Axios Markets

March 27, 2019
D.C. readers: You're invited to Transforming Transportation!
- Tomorrow morning at 8am, join Axios Autonomous Vehicles reporter Joann Muller for a look into the policies and innovations defining the next era of transportation. RSVP here.
Situational awareness:
- U.S. health insurer Centene is buying rival WellCare for $15.2 billion in a cash-and-stock deal. (CNBC)
- 50 women have filed a lawsuit against Salesforce, claiming the company knowingly provided customized database tools to market prostitutes to "pimps, johns and traffickers who had been underusing its trafficking services." (Bloomberg)
- The Committee on Foreign Investment in the United States (CFIUS) informed a Chinese gaming company that its ownership of hook-up app Grindr constitutes a national security risk. (Reuters)

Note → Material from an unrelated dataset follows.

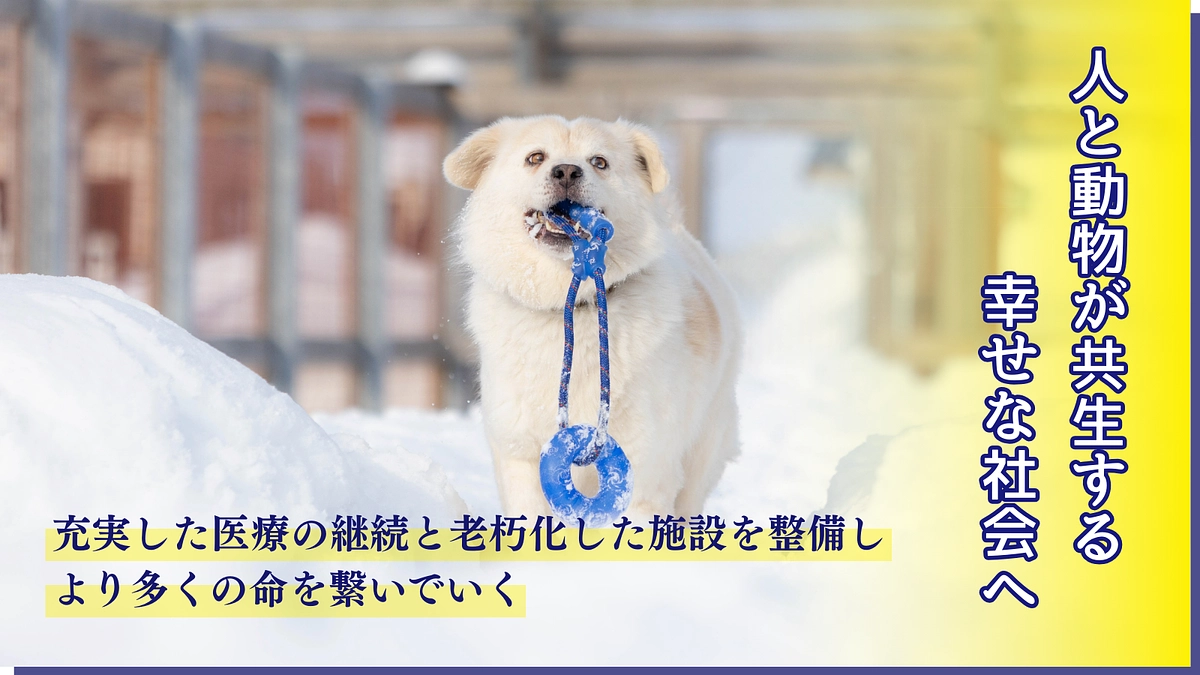 医療の充実と飼育環境を整備し、より多くの犬猫の命を繋ぎたい｜クラウドファンディングを開始しました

- Around 75% of U.S. coal production is now more expensive than solar and wind energy in providing electricity to American households, a new study finds. (Energy Innovation)
1 big thing: The Fed takes on climate change

Illustration: Aïda Amer/Axios
The Federal Reserve waded unambiguously into the conversation about climate change this week, as the San Francisco Fed produced a report detailing the potential financial, economic and monetary policy implications of global warming.
Why it matters: In addition to the effects climate change has on businesses, such as "infrastructure damage, agricultural losses and commodity price spikes caused by droughts, floods, and hurricanes," Glenn Rudebusch, a senior policy adviser and executive vice president at the San Francisco Fed, argues climate change is becoming increasingly relevant for monetary policy.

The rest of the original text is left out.